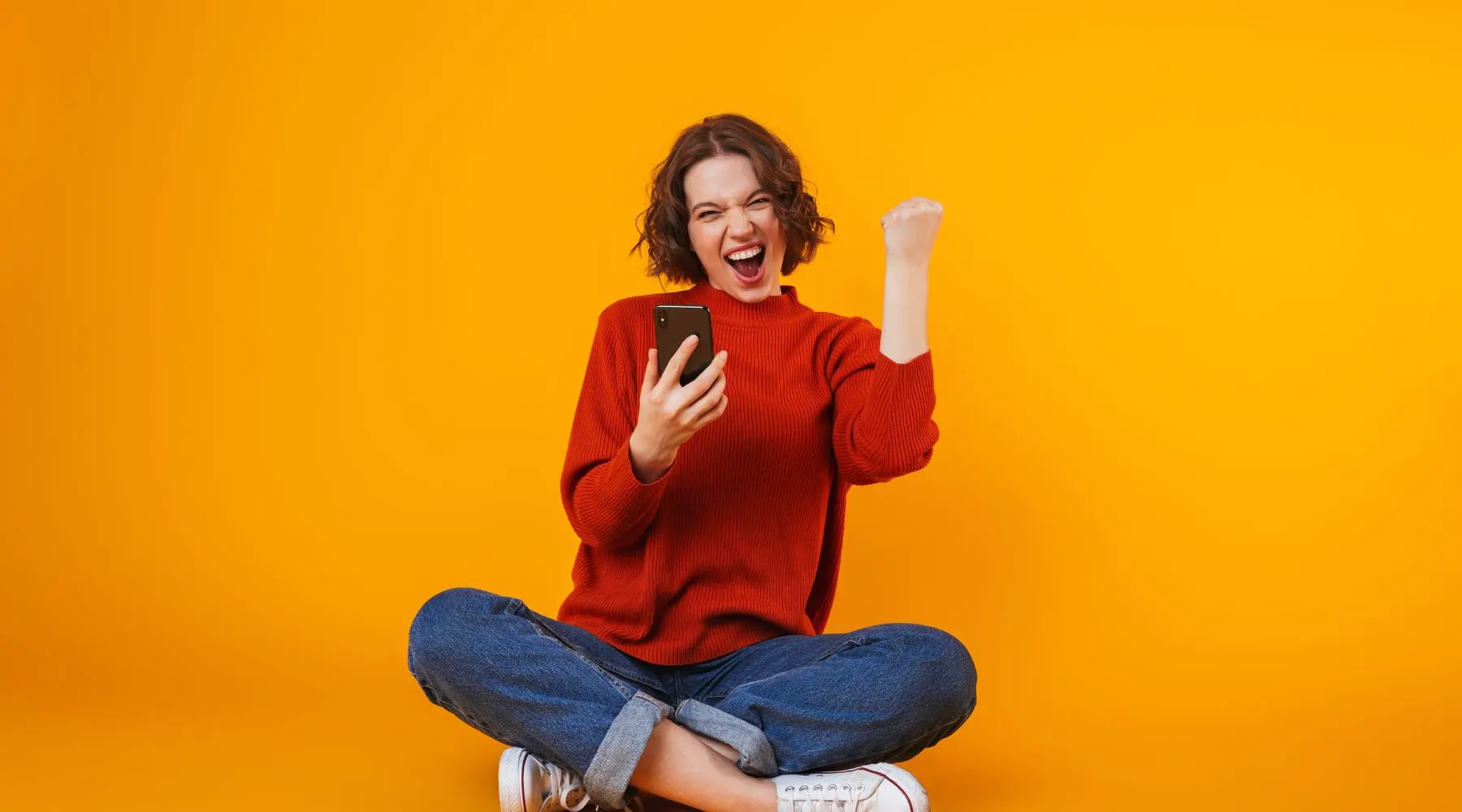 Image of young woman posing isolated over yellow wall background using mobile phone and making a winner gesture. 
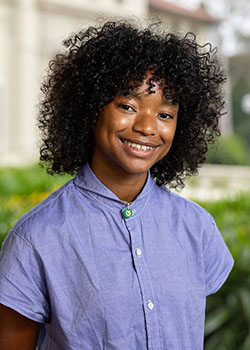 Jade Crichlow headshot light blue shirt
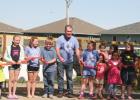 Wood River Mayor Greg Cramer cut the ceremonial ribbon with the help of some young enthusiasts when a ceremony was held for the opening of the Stick Creek Kids Child Development Center. Clipper Year in Review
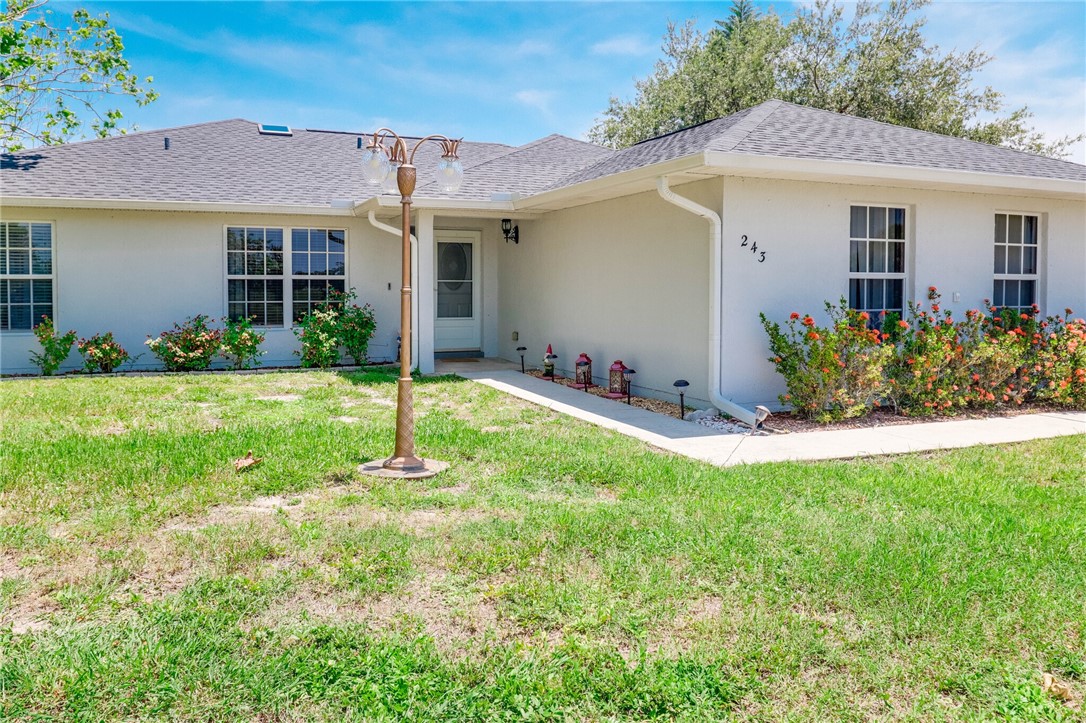 243 Main Street Sebastian, FL 32958 - Photo 3 of 11 a view of a house with backyard and garden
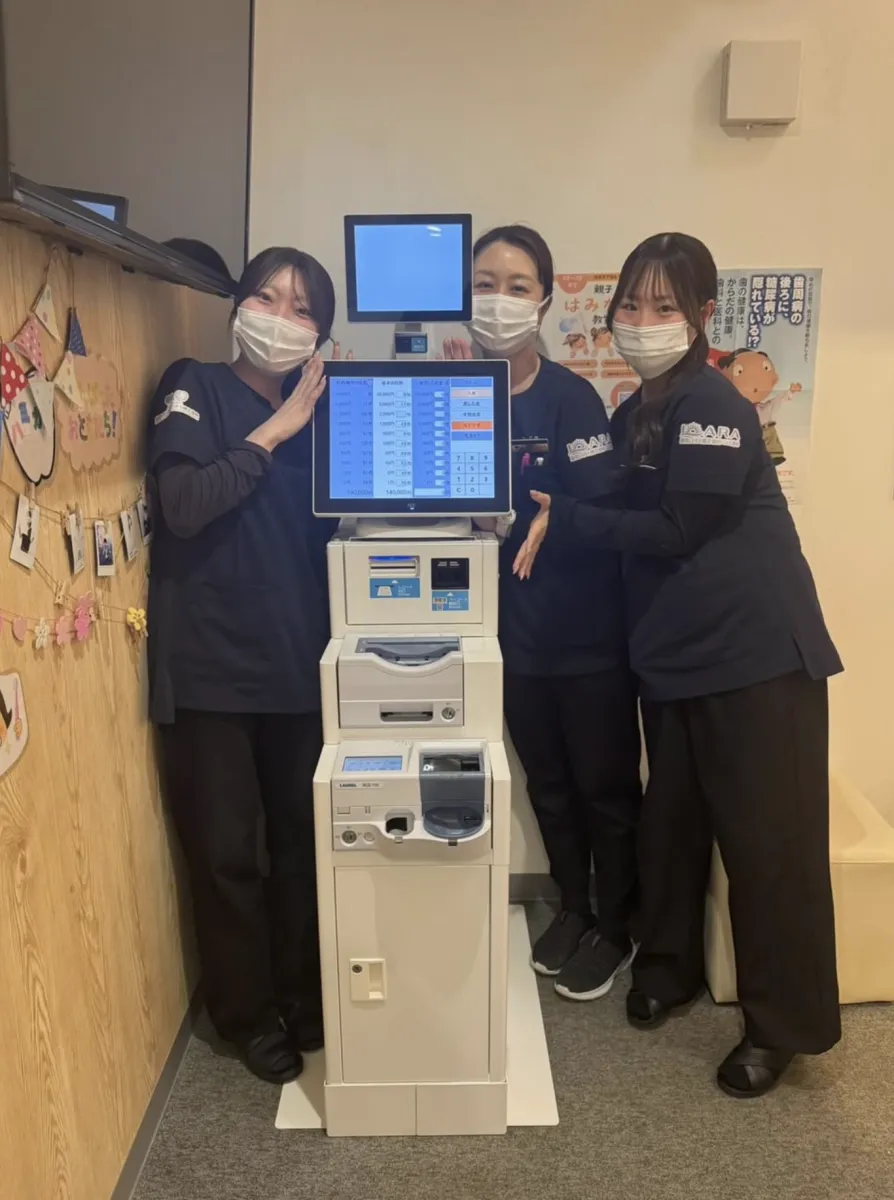 盛岡となん歯科・こども矯正歯科の受付に設置された自動精算機 PS-6 とスタッフの皆さま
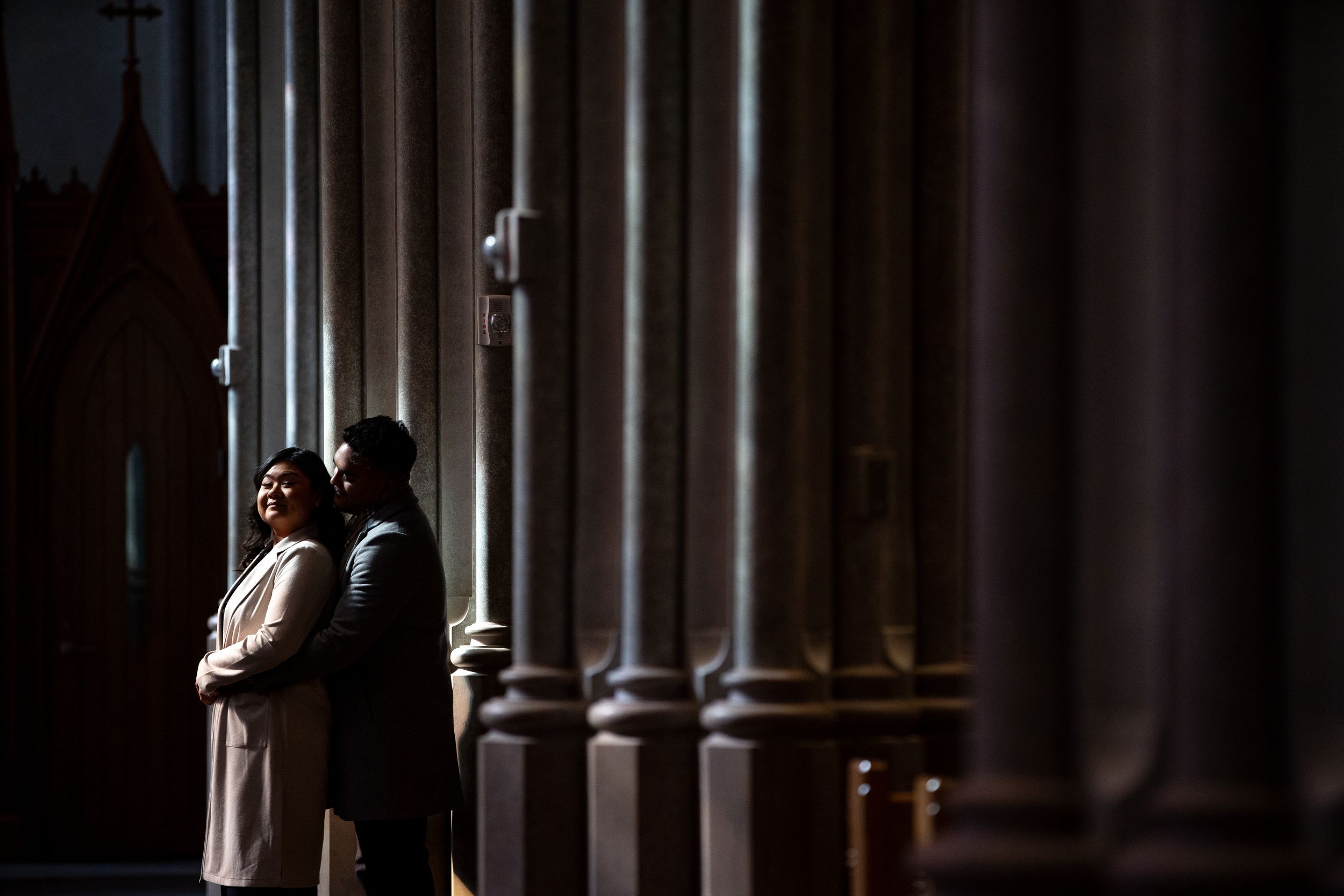 Dramatic light falls between ornate church columns creating a moody architectural scene.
§ §
Start at the first line and set down all of the data exactly, passing over the pictures.

 Image of young woman posing isolated over yellow wall background using mobile phone and making a winner gesture. 
 Jade Crichlow headshot light blue shirt
 Wood River Mayor Greg Cramer cut the ceremonial ribbon with the help of some young enthusiasts when a ceremony was held for the opening of the Stick Creek Kids Child Development Center. Clipper Year in Review
 243 Main Street Sebastian, FL 32958 - Photo 3 of 11 a view of a house with backyard and garden
 盛岡となん歯科・こども矯正歯科の受付に設置された自動精算機 PS-6 とスタッフの皆さま
 Dramatic light falls between ornate church columns creating a moody architectural scene.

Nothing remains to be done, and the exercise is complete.